Drop columns with more than 30% missing data

In [None]:
# List of columns to drop
columns_to_drop = [
    'CANCELLATION_CODE'
]

# Drop the columns from the DataFrame
df.drop(columns=columns_to_drop, inplace=True, errors='ignore')

# Confirm
print(f"Dropped {len(columns_to_drop)} columns. Remaining columns: {df.shape[1]}")

Dropped 1 columns. Remaining columns: 28


Handle missing values

In [None]:
df.loc[:, 'ARR_DEL15'] = df['ARR_DEL15'].fillna(df['ARR_DEL15'].mode()[0])
df_cleaned = df.dropna()

In [None]:
nan_summary = df_cleaned.isna().sum().to_frame(name='NaN Count')
nan_summary['% Missing'] = (nan_summary['NaN Count'] / len(df_cleaned)) * 100

# Sort by percentage missing, descending
nan_summary = nan_summary[nan_summary['NaN Count'] > 0].sort_values(by='% Missing', ascending=False)

print(nan_summary)

Empty DataFrame
Columns: [NaN Count, % Missing]
Index: []


PCA for data reduction

In [None]:
import pandas as pd
import numpy as np
from sklearn.preprocessing import StandardScaler
from sklearn.decomposition import PCA

# Select numeric columns, excluding 'ACTUAL_ELAPSED_TIME'
numeric_cols = df_cleaned.select_dtypes(include=['int64', 'float64']).columns
numeric_cols = [col for col in numeric_cols if col != 'ACTUAL_ELAPSED_TIME']

# Create numeric_df with only the selected columns
numeric_df = df_cleaned[numeric_cols]

# Step 2: Fill missing values with column mean
numeric_df_filled = numeric_df.fillna(numeric_df.mean())

# Step 3: Correlation Analysis
corr_matrix = numeric_df_filled.corr().abs()

# Get all strongly correlated pairs (> 0.9)
corr_pairs = corr_matrix.unstack().sort_values(ascending=False)
corr_pairs = corr_pairs[corr_pairs < 1]  # remove self-correlation
strong_corr = corr_pairs[corr_pairs > 0.8]
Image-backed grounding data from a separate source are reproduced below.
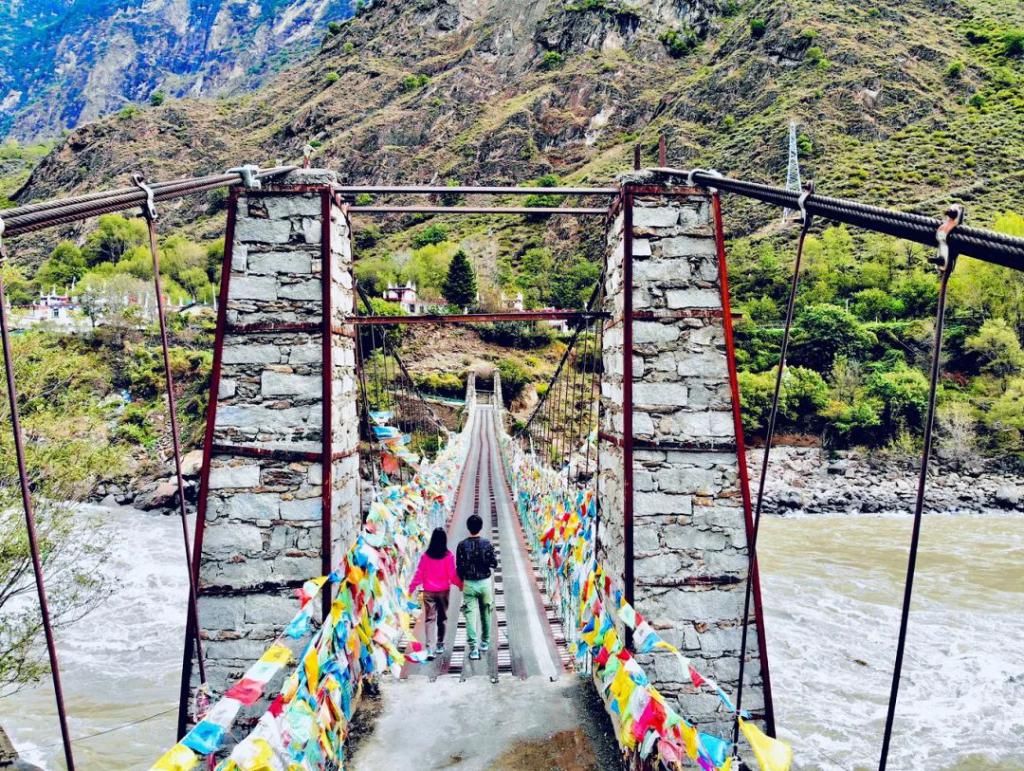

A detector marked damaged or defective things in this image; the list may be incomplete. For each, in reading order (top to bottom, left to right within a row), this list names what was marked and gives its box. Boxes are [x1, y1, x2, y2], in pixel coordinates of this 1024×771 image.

rusty steel beam [348, 309, 610, 325] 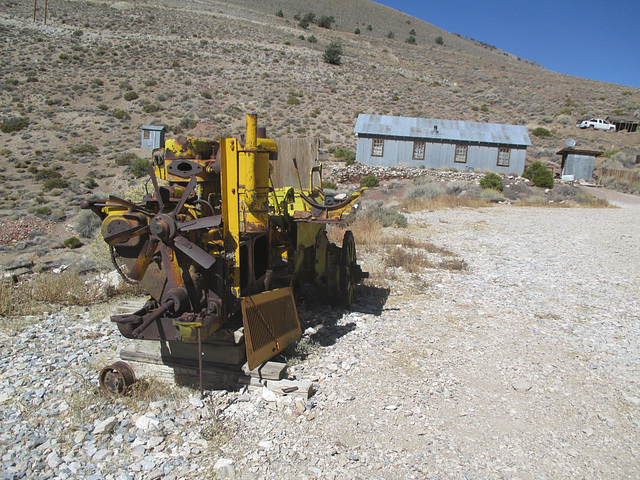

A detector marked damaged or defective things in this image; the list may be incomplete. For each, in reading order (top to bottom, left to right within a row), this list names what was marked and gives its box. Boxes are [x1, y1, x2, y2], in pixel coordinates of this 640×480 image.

rusty yellow machine [82, 113, 368, 394] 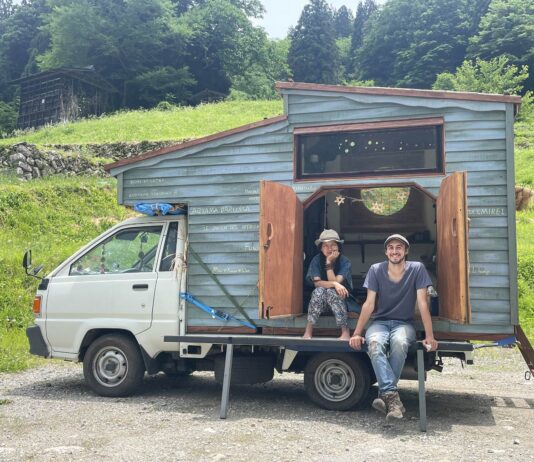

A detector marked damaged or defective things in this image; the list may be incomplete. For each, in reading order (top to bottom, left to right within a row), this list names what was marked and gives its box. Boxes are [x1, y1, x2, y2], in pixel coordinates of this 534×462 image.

rusty brown door [260, 182, 306, 320]
rusty brown door [438, 171, 472, 324] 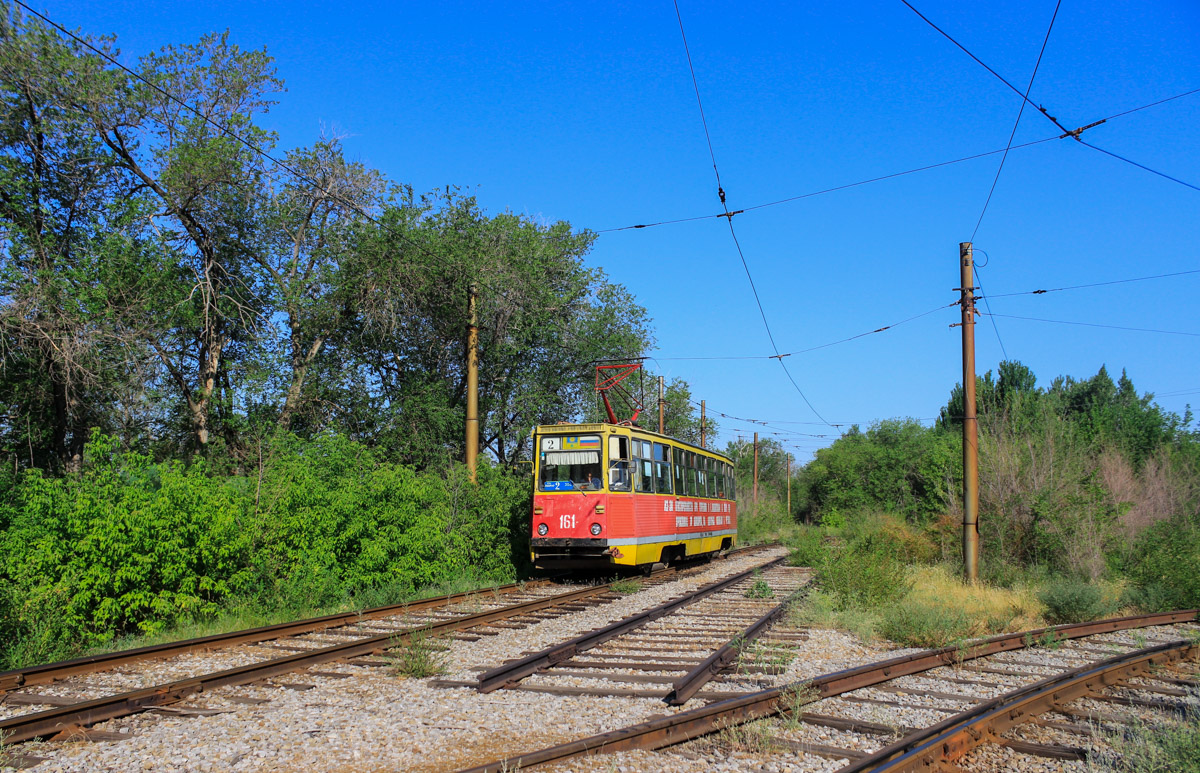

print("Highly Correlated Pairs (Correlation > 0.8):\n")
print(strong_corr)

# Step 4: Standardize features
scaler = StandardScaler()
scaled_data = scaler.fit_transform(numeric_df_filled)

# Step 5: PCA
pca = PCA(n_components=2)
X_pca = pca.fit_transform(scaled_data)

# Step 6: PCA Loadings
pca_loadings = pd.DataFrame(pca.components_, columns=numeric_df.columns, index=['PC1', 'PC2'])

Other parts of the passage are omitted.